03 March 2005

Subsidies favour big business

Take agriculture subsidies: in the OECD area these amount to US$250 billion per year. Most of it does not end up in additional income for farm households. Some goes to those who administer farm programmes, but most goes to those who supply inputs to farmers and those who process output from farmers.

The OECD estimates that only 25 per cent or less of most of the subsidy from consumers and taxpayers ends up as additional income for farm households.

What happens to the remainder? For every one dollar of taxpayer funded deficiency payments, 40 cents goes as extra profits to suppliers of farm inputs. Another 14 cents goes out as extra rents for non-farming landlords. Resource costs, that is the money needed to offset the combined opportunity costs of diverting resources from other productive uses to the production of the supported commodity, account for 20 cents.
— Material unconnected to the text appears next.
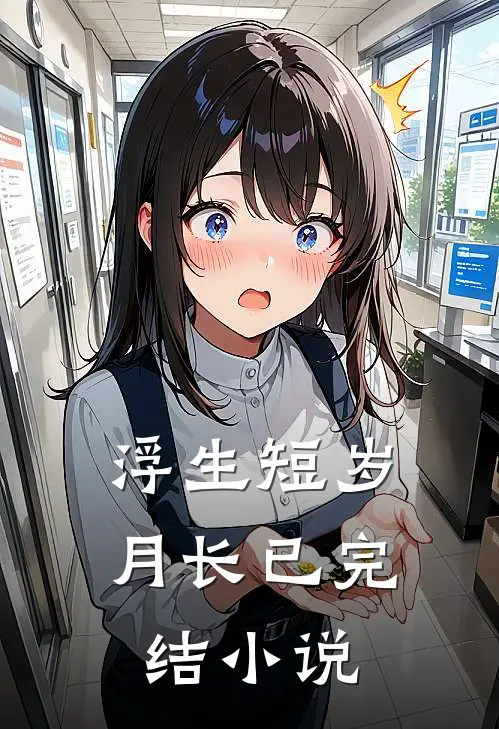 浮生短岁月长已完结小说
Inputs and processing are mostly supplied by large agribusiness companies. Agricultural support policies tend to raise the prices of fertilisers, pesticides, animal feedstuffs and farm buildings, as well as land. Subsidies mean that farmers buy more purchased inputs and that suppliers, knowing that farmers can afford to pay more, charge higher prices for them. One study showed that identically packaged products and services in unsubsidised New Zealand are typically priced at half the levels charged to their subsidised counterparts in the UK and the Netherlands.

So large agribusiness corporates are major beneficiaries of high food prices. Who else benefits? A British charity, Oxfam, found that wealthy landowners like the Dukes of Westminster, Marlborough and Bedford, Lords Illife and de Ramsey and the Earl of Leicester can each receive subsidies of up to £370 000 a year for growing their cereal crops.

It is a self-perpetuating system of mutual back-scratching. The subsidies discriminate in favour of the largest corporates and biggest landowners, who can use taxpayer funds to buy up small businesses and small farms and to bankroll opposition to reform. Large businesses are also in a much stronger position to manipulate the regulatory environment that makes life so difficult for their smaller competitors.

The pattern is similar in other sectors, and the result is industry concentration. A subsidised transport infrastructure favours large, global businesses, as do compliance costs, which impose a disproportionately heavier burden on small businesses. Small, independent firms go bankrupt or sell out. McDonalds, Burger King and Starbucks take over.

A Social Policy Bond regime would not see a proliferation of small businesses as an objective, but that would be the most likely outcome. Why? Because the current subsidy system is based in large part on deception and it is unlikely that most people would willingly choose to subsidise large trans-nationals at the expense of small, local businesses. A bond regime would be transparent about what taxpayer funds would be used for: its goals would be explicit and meaningful to real people. Most of us, I believe, would rather see our taxes spent on raising basic health and education standards (for example) than on further enriching some of the wealthiest companies and individuals in the world.